Tax Relief is Stress Relief

After announcing to a new acquaintance that I’m in law school, almost invariably the next question is always, “Oh, what kind of law do you want to practice?”.  From the very start, I have been fortunate to know that my future is in tax law.  I was offered a rare opportunity to work alongside a local tax attorney in my town for over three years as I prepared to enter law school.  This experience offered me a glimpse into resolutions of tax controversies, tax planning for small business owners, and a first-hand look at the life of a sole practitioner.  I was hooked.  But with a background in psychology, not business or accounting, my enthusiasm for tax law might seem a little out of left field.

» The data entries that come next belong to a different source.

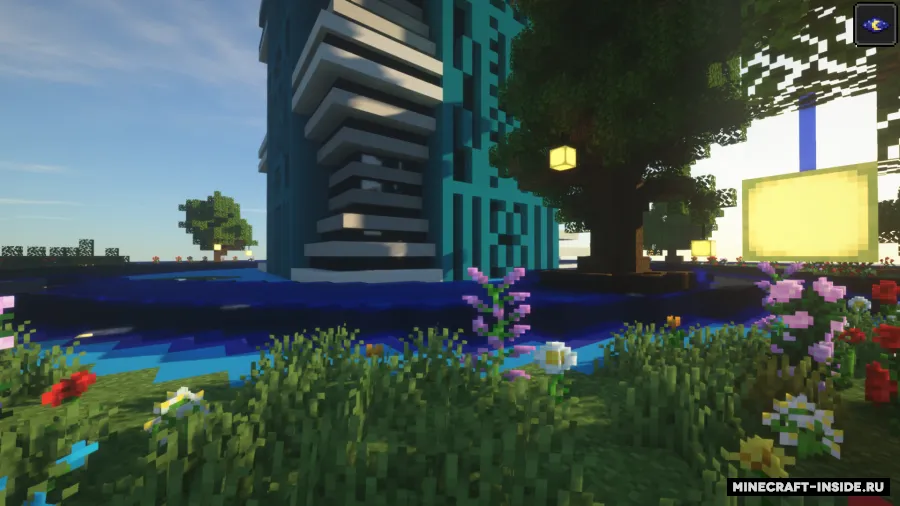 Elizium — Minecraft xarita, rasm 2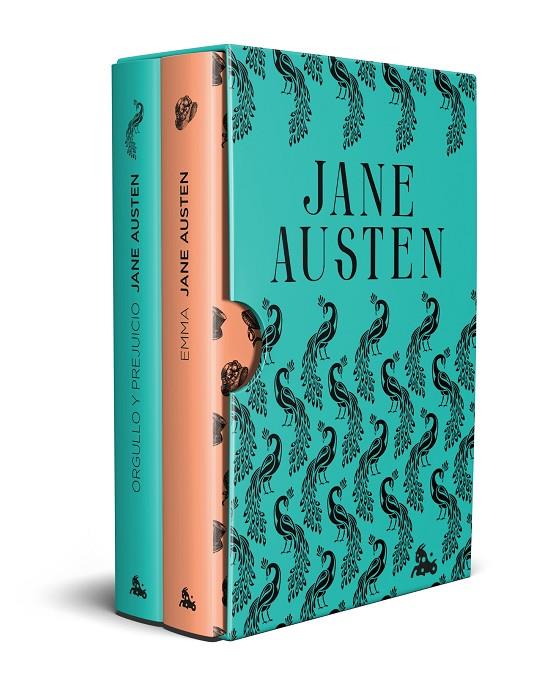 Estuche Jane Austen | 9788408265504 | Austen, Jane | Llibres.cat | Llibreria online en català | La Impossible Llibreters Barcelona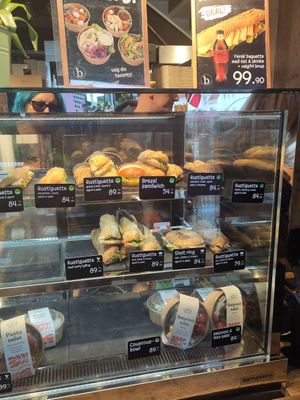 Sandwiches at Backstube - Bryggesporden in Bergen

On the contrary, I have found that providing tax controversy assistance to individuals experiencing these crises is one of the best applications of my undergraduate degree to date.  Individuals come to us extremely stressed and vulnerable.  They are often confused by the letters they’ve been receiving, worried about their futures, and afraid of what they don’t understand.  Enter my psychology degree.

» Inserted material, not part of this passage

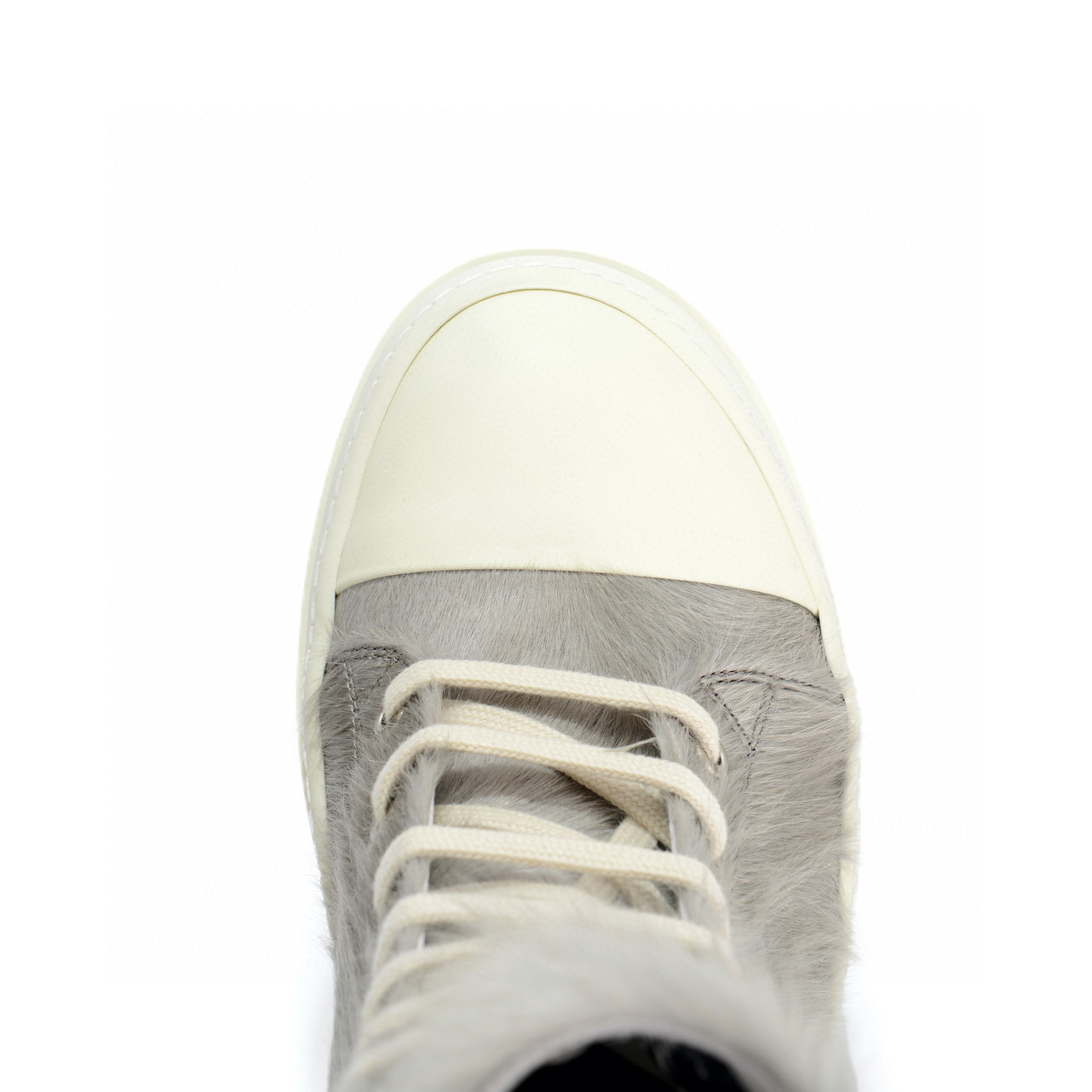 Rick Owens High-top Lace-up Sneakers - FashionPlug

Often after a single consultation with an individual, we are able to significantly reduce the panic and fear and offer a buffer between the taxpayer and the tax collector.  What a relief!  After explaining taxpayer rights and the procedures that we will anticipate the IRS to follow, much of the anxiety can be calmed.  Prior to law school, I worked nearly ten years in mental and public health related positions.  Never, after a single consultation with an individual, did I see such a change.

Additionally, tax controversies have a life cycle.  True, some last a lot longer than others, but inevitably, we get to some kind of a resolution.  This is probably what I enjoy most about the work.  We get results.  Helping clients come to a real resolution so they can move on with their lives is what I look forward to most in my prospective career.  I often joke it’s the best application of my degree I’ve found.  So in short, that’s why I chose tax law.  Financial stress is a leading cause of stress for Americans, and I found a little niche that will hopefully allow me to help at least a few find some relief.